#### [Work instruction]
Every entry is to be returned as it stands, apart from the pictures.

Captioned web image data
------------------------------
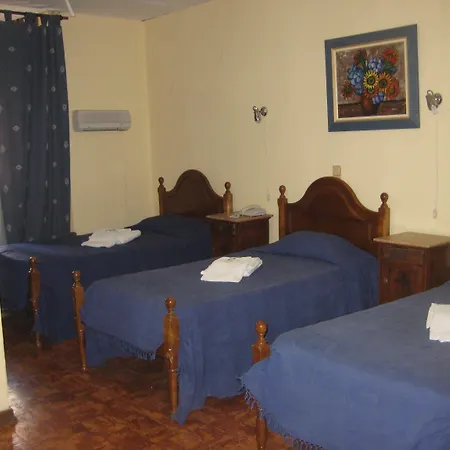 Avenida Hotel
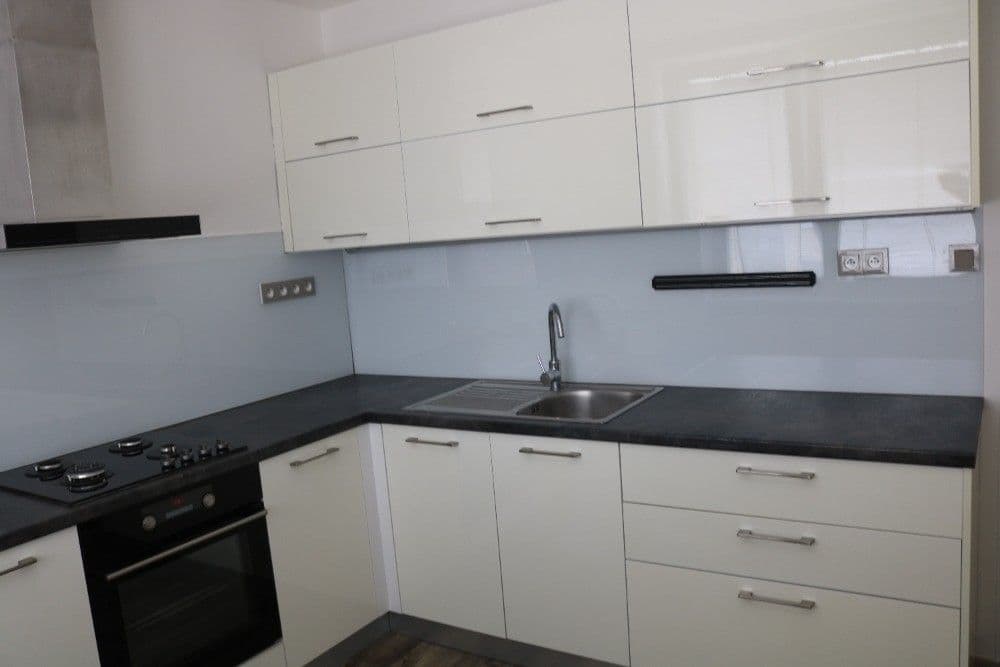 2 bedroom flat to rent, 51 m², Vlárská, Brno, Jihomoravský Region 2 bedroom flat to rent, 51 m², Vlárská, Brno, Jihomoravský Region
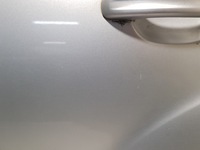 фото thumb №9, Audi q7 4l дверь левая задняя задние 4lb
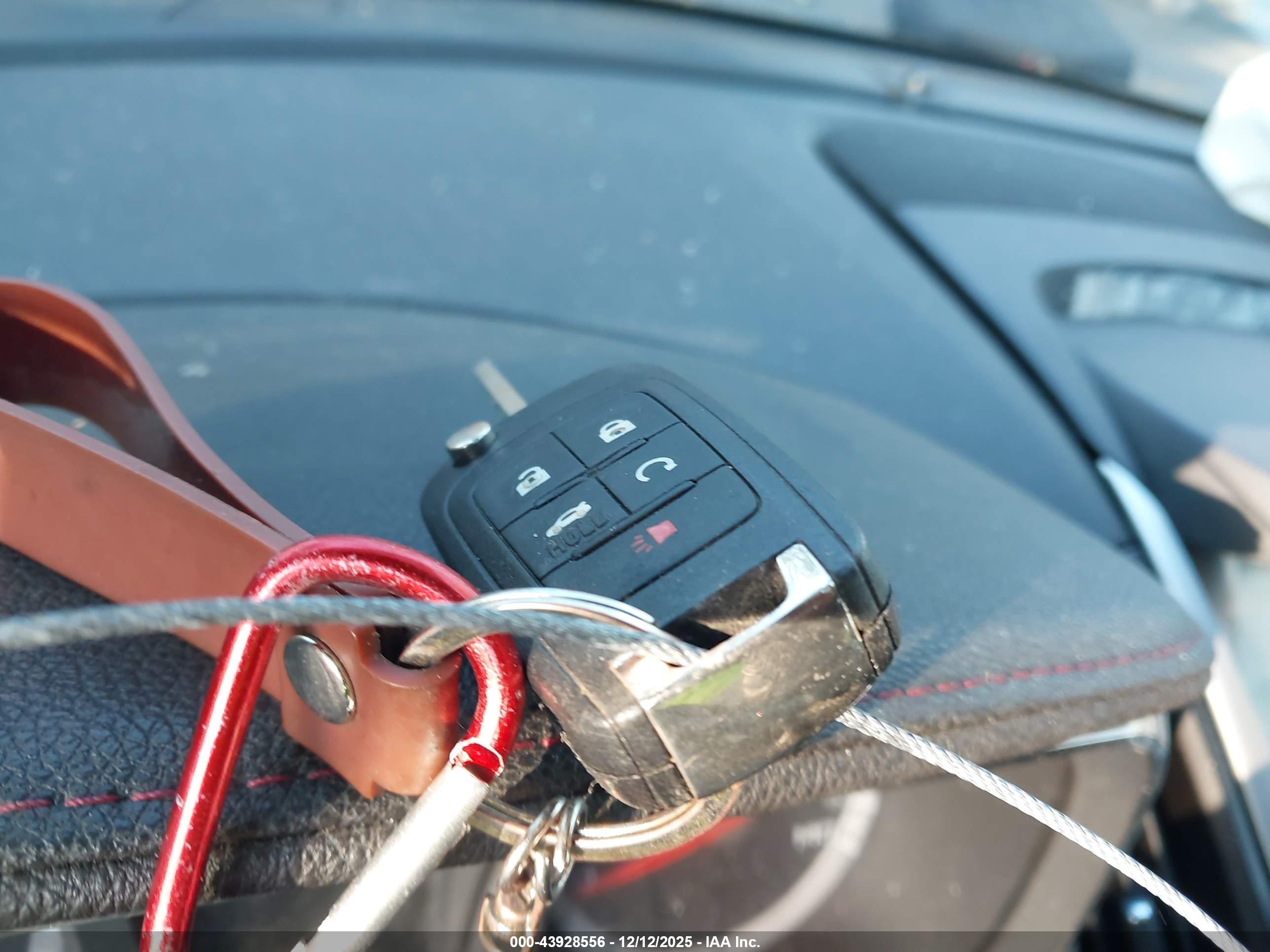 GMC TERRAIN image 11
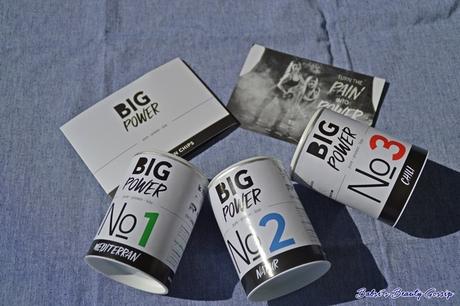 [Review] – BIG Power – Schinken Chips:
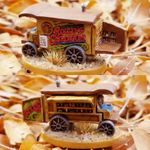 6518002 Western Legends: Blood Money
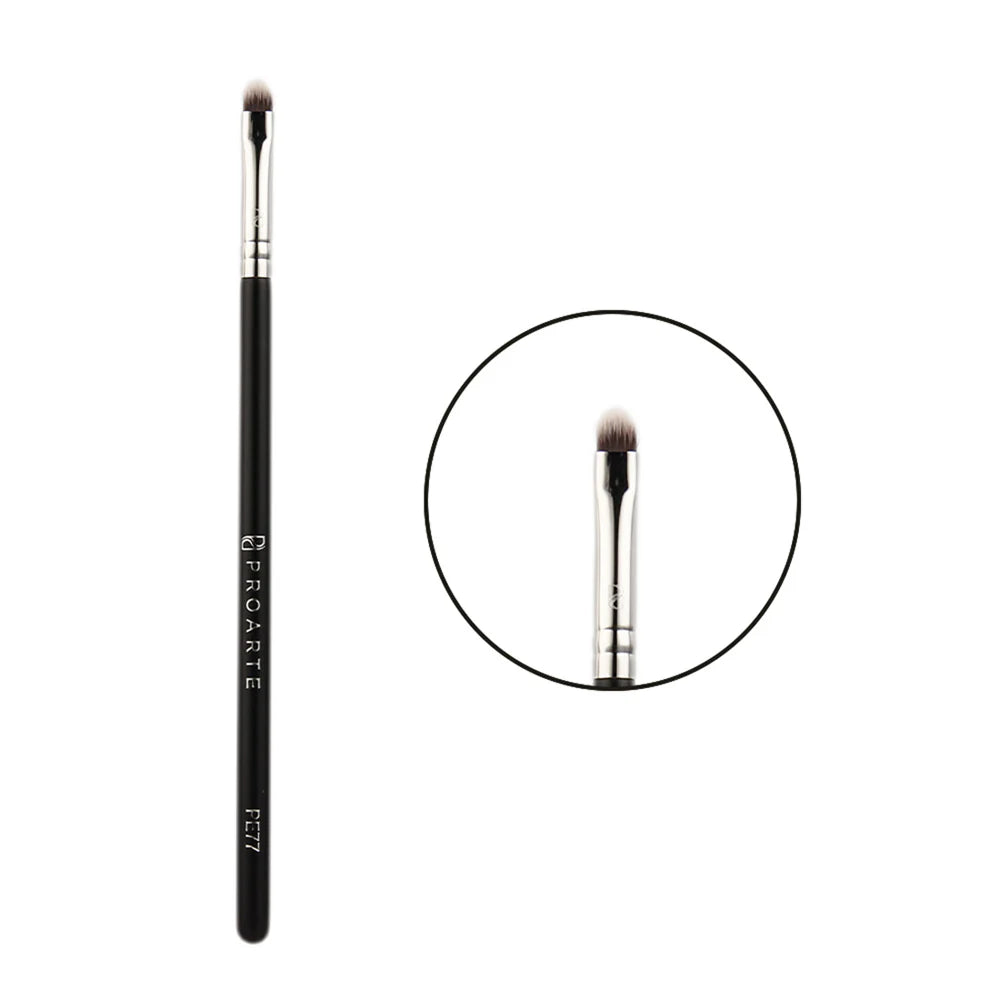 Proarte Flat Detailing Brush PE77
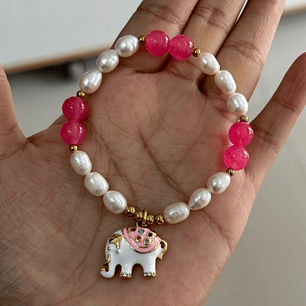 PULSERA ELEFANTE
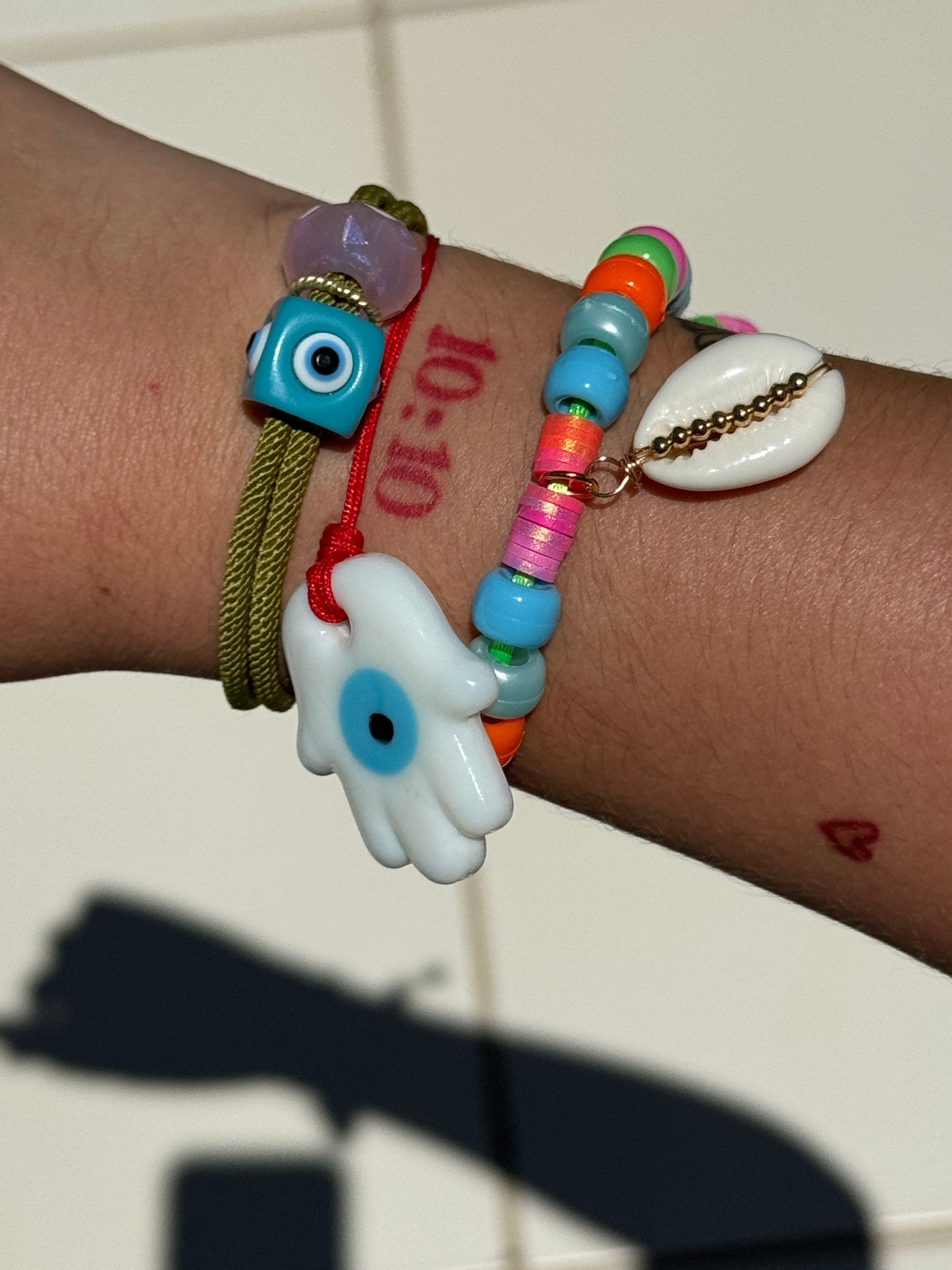 Nina Fun bracelet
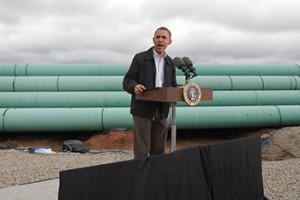 national energy strategy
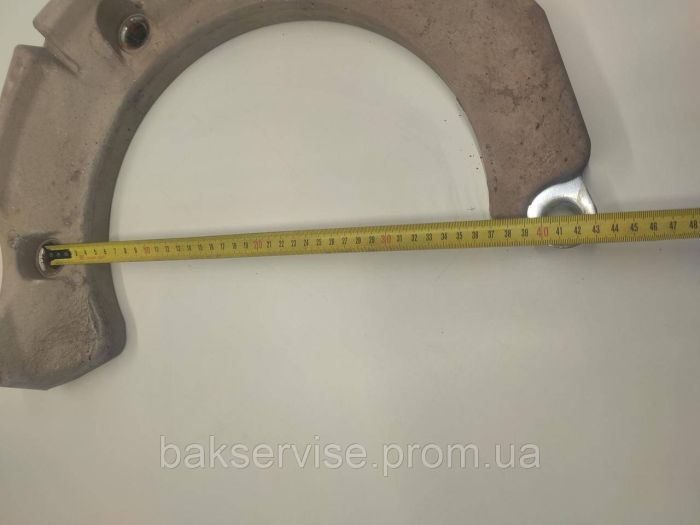 Противага до пральної машини Zanussi, Electrolux 4071356341 Б/У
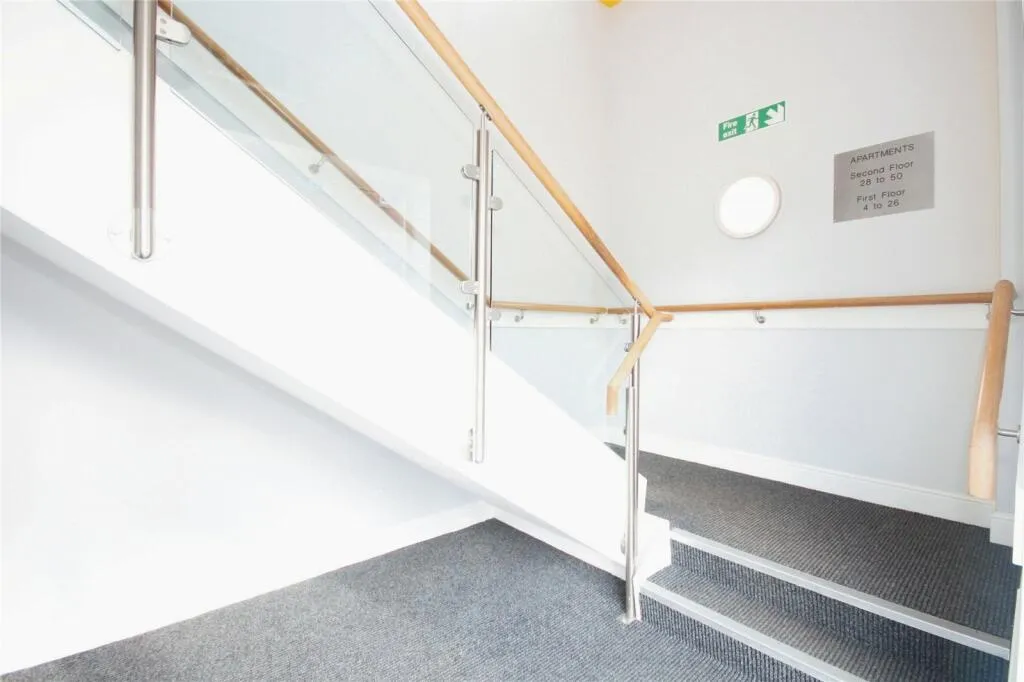 2 bed Apartment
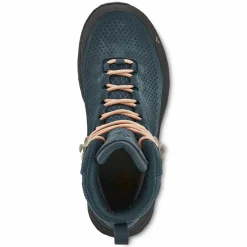 Vasque Torre AT GTX wandelschoenen dames midnight navy< Wandelen|Wandelschoenen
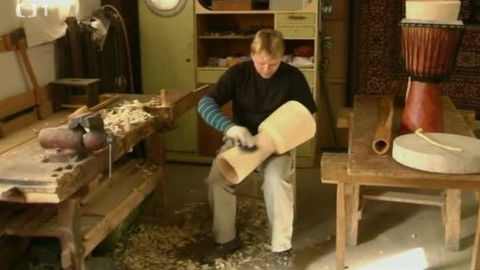 Toulavá kamera - 17. listopadu 2013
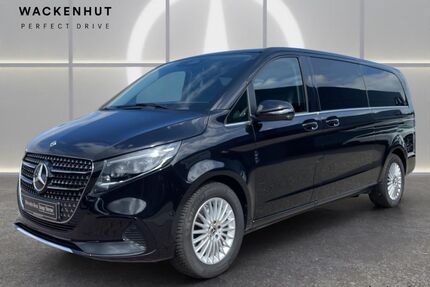 Mercedes-Benz V 300 Gebrauchtwagen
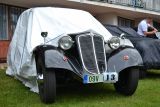 4. Tatranský Oldtimer 2019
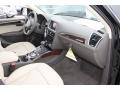 2013 Brilliant Black Audi Q5 2.0 TFSI quattro  photo #26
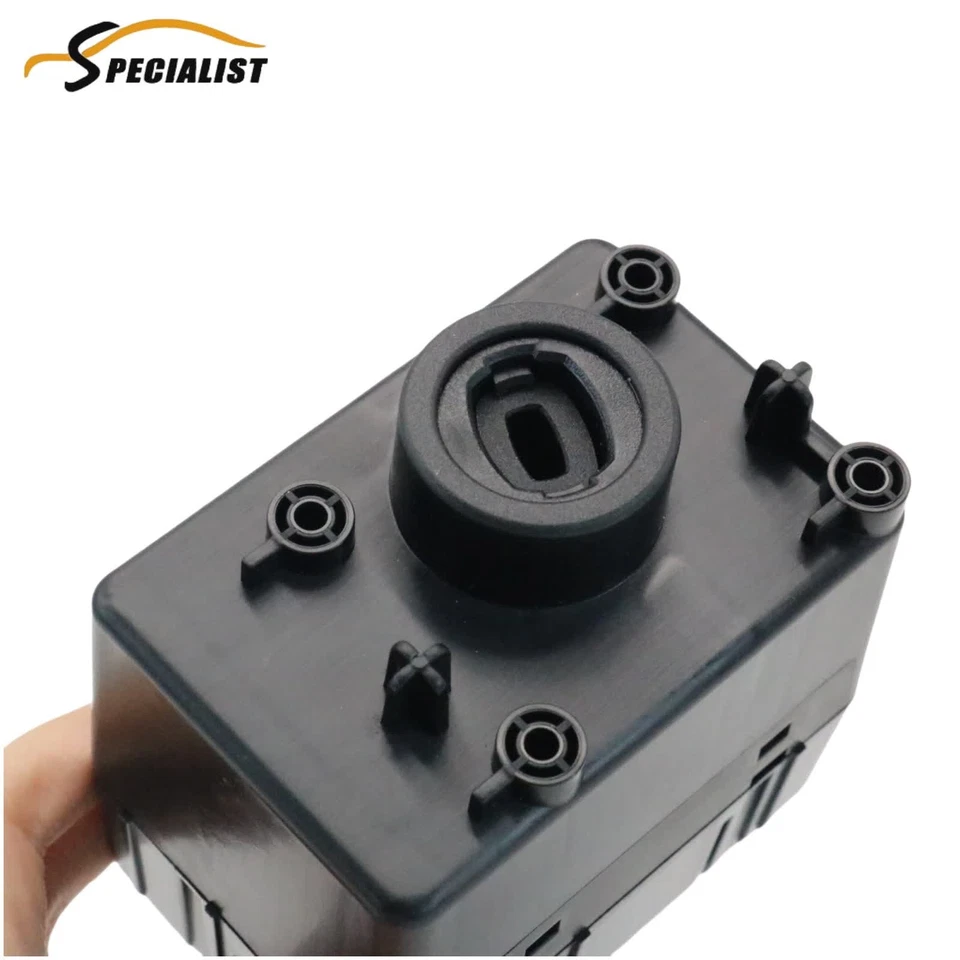 Se adapta a Ram 1500,2500,3500,4500 2011-2012 módulo de encendido inalámbrico negro nuevo Foto 3 de 4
------------------------------
#### [Solution to this problem]
 Avenida Hotel
 2 bedroom flat to rent, 51 m², Vlárská, Brno, Jihomoravský Region 2 bedroom flat to rent, 51 m², Vlárská, Brno, Jihomoravský Region
 фото thumb №9, Audi q7 4l дверь левая задняя задние 4lb
 GMC TERRAIN image 11
 [Review] – BIG Power – Schinken Chips:
 6518002 Western Legends: Blood Money
 Proarte Flat Detailing Brush PE77
 PULSERA ELEFANTE
 Nina Fun bracelet
 national energy strategy
 Противага до пральної машини Zanussi, Electrolux 4071356341 Б/У
 2 bed Apartment
 Vasque Torre AT GTX wandelschoenen dames midnight navy< Wandelen|Wandelschoenen
 Toulavá kamera - 17. listopadu 2013
 Mercedes-Benz V 300 Gebrauchtwagen
 4. Tatranský Oldtimer 2019
 2013 Brilliant Black Audi Q5 2.0 TFSI quattro  photo #26
 Se adapta a Ram 1500,2500,3500,4500 2011-2012 módulo de encendido inalámbrico negro nuevo Foto 3 de 4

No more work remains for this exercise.